But when the woman appeared in court on March 1, 2016 without a defense attorney, a prosecutor told her she would go to jail if she didn’t sign a release form she didn’t even have time to read, attorneys alleged in the lawsuit.

When she signed the document, the prosecutor said he could recommend her charge be reduced to littering on public property, according to the lawsuit.

In a similar suit, Wooten and Dailey alleged St. Louis Police Officer Adam Feaman used a flashlight to hit Jamal White, an unarmed Black man, in the face and crack his jaw Aug. 14, 2017.

The incident caught on a bystander’s camera stemmed from an allegation White violated a loud noise ordinance for “squealing his tires,” Wooten told local news outlets.

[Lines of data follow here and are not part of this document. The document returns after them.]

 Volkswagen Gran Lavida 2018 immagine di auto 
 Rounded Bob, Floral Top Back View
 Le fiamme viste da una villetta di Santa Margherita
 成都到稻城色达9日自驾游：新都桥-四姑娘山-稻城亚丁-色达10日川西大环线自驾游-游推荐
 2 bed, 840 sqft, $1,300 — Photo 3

White was also presented with the release form, his attorneys told the St. Louis American.

“That’s when we started asking, ‘Why would he have to sign that if you’ve seen the video?” Dailey said. “And that’s when prosecutors explained that ‘this is just our policy.’ Most secrets are in plain sight.

“And this one here was very well known to everyone. It never dawned on anyone that the blanket policy and practice was illegal.”

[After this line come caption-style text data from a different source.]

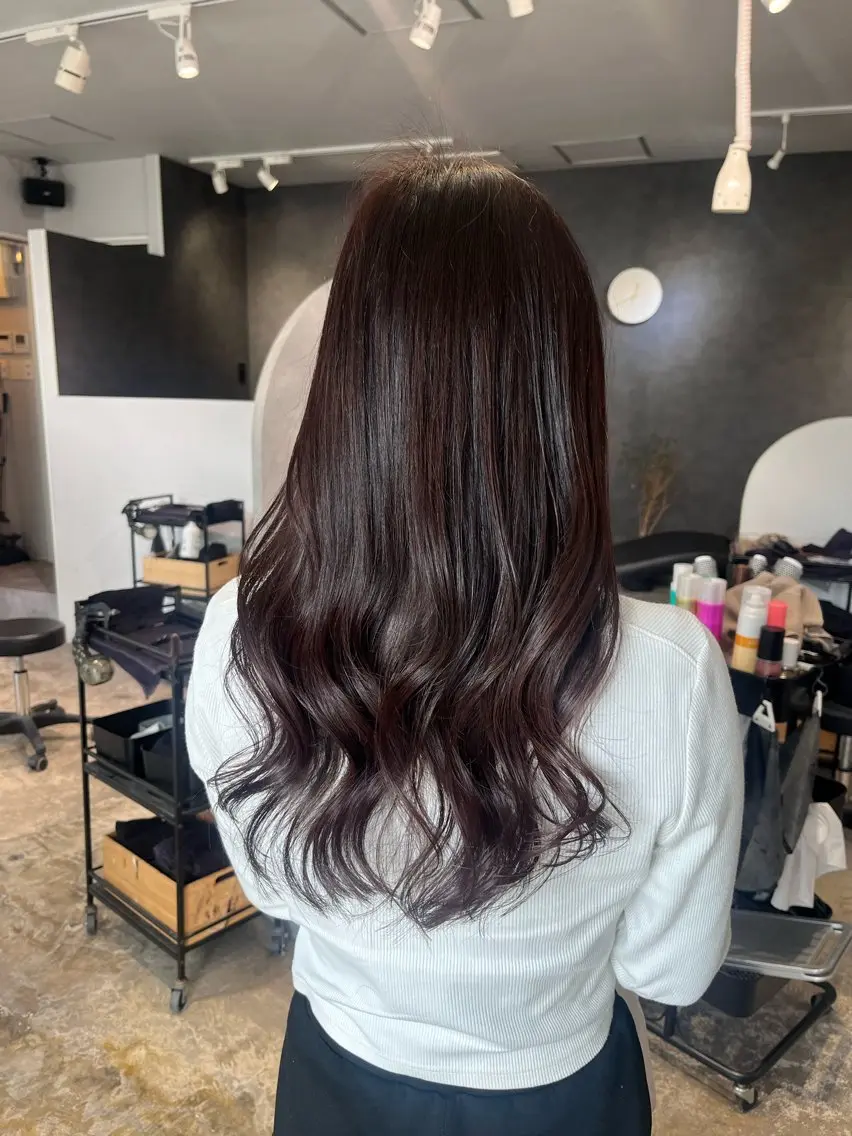 ロング カラー ピンクカラー レッドカラー カット ヘアカラー トリートメント 友 美海のヘアスタイル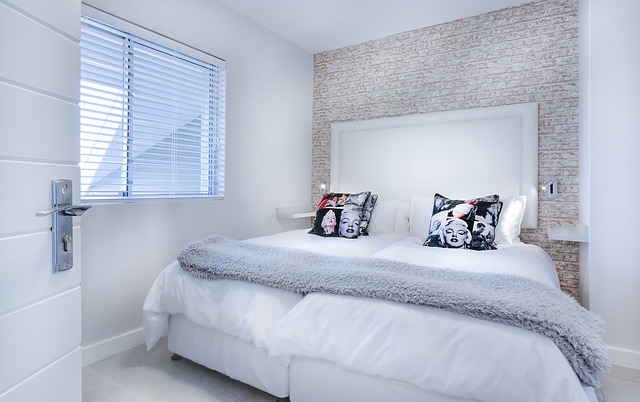 Springbox postele s bielymi obliečkami v modernej spálni.jpg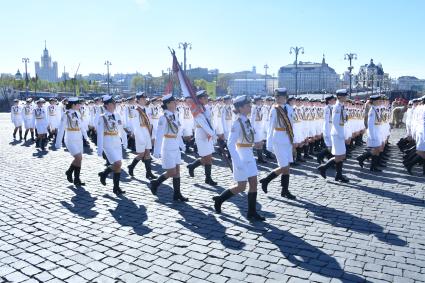 Москва.  Девушки-курсантки перед началом  генеральной репетиции военного  парада , посвященного 72-й годовщине Победы в Великой Отечественной войне .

Feaman ended up charged with assault in the second-degree and armed criminal action, according to KMOV.

Wooten and Dailey, however, began stringing together pieces for a larger suit, according to the St. Louis American. They have filed a motion to consolidate all their cases related to the alleged blanket practice. 

Bush denied the allegations in a statement to The St. Louis American and called the “blanket policy” illegal.

“And I can tell you that I certainly have never made a policy that charges of resisting arrest and interfering with arrest cannot be dismissed or plea bargained without execution of a release if circumstances suggest that this would be a just or expedient result,” Bush said.